- What needs to be done
Pictures aside, quote the whole listing exactly.

- Source data
-- Opening Marker --
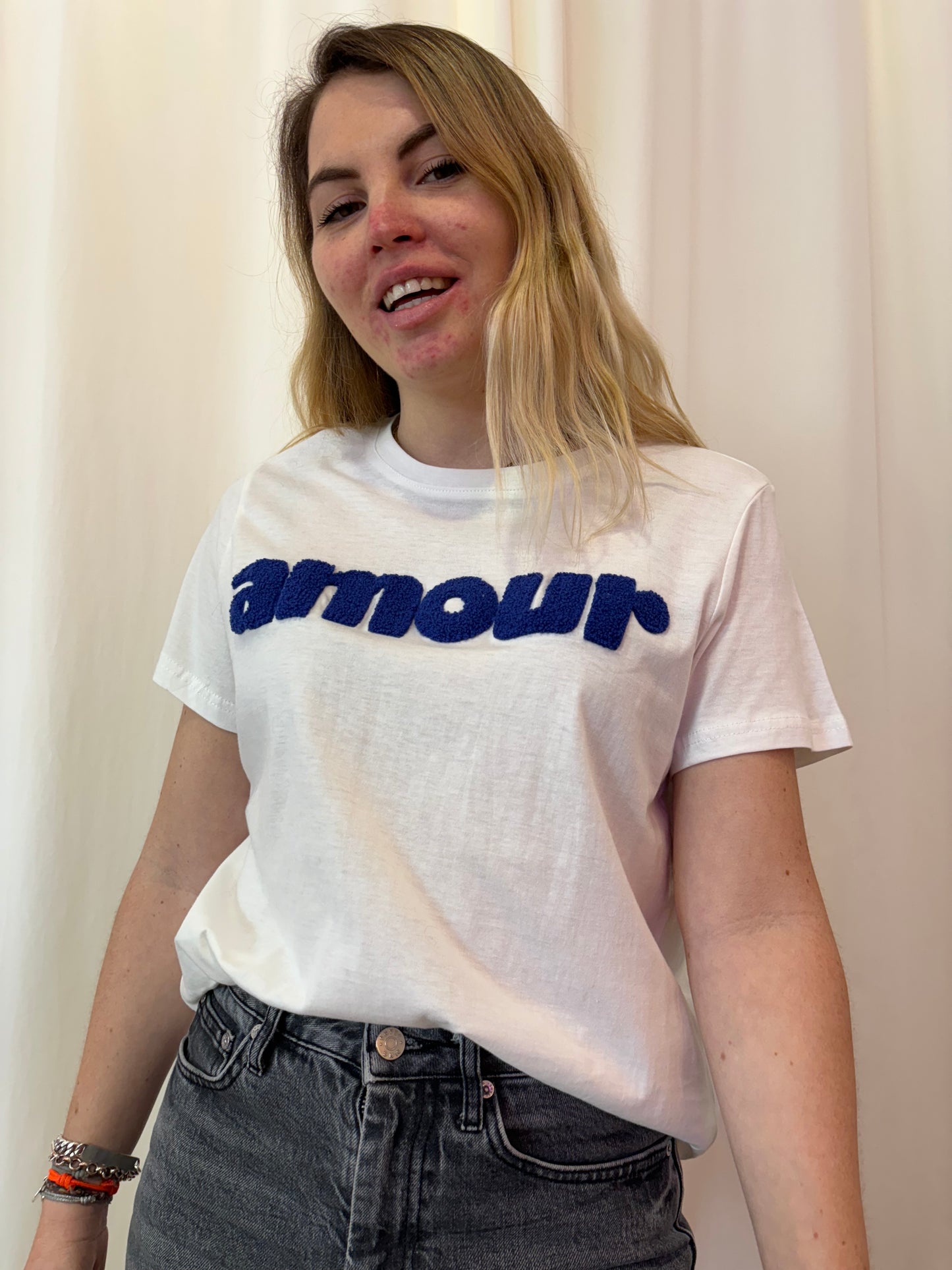 T-shirt AMOUR Bleu roi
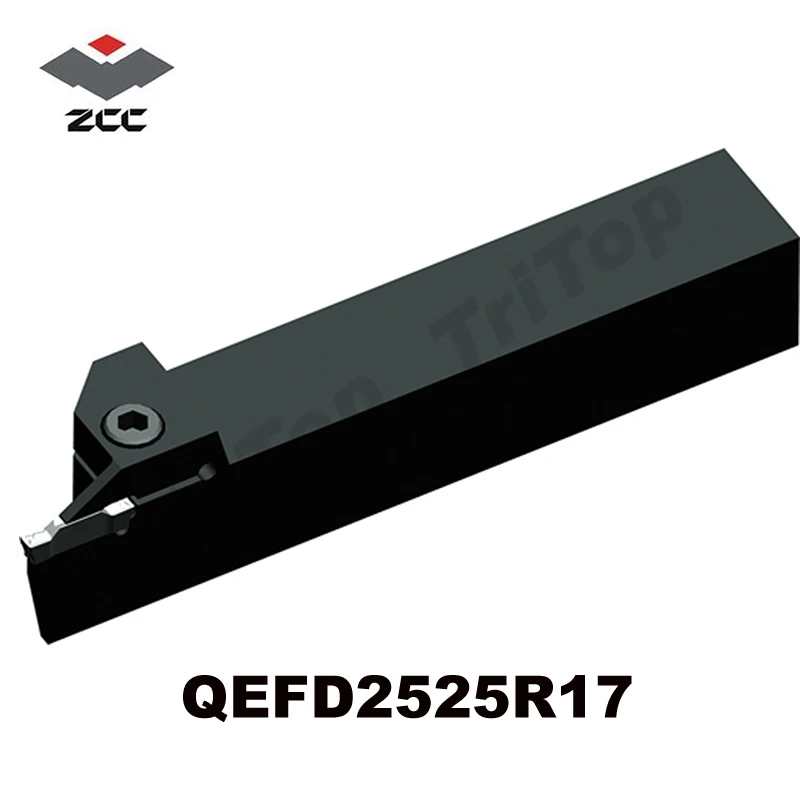 

ZCC.CT brand new Parting and grooving Tools QEFD2525R17 CNC turning tool holder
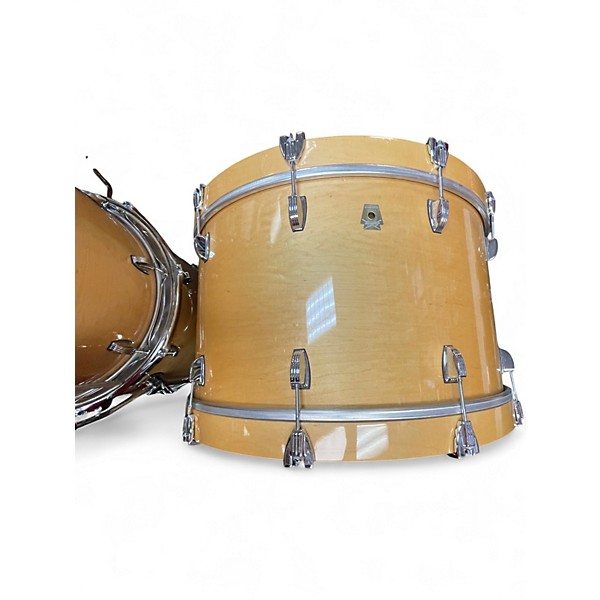 Used Ludwig 4 Piece Classic Maple Natural Drum Kit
-- Closing Marker --
- Solution for this problem
 T-shirt AMOUR Bleu roi

ZCC.CT brand new Parting and grooving Tools QEFD2525R17 CNC turning tool holder
 Used Ludwig 4 Piece Classic Maple Natural Drum Kit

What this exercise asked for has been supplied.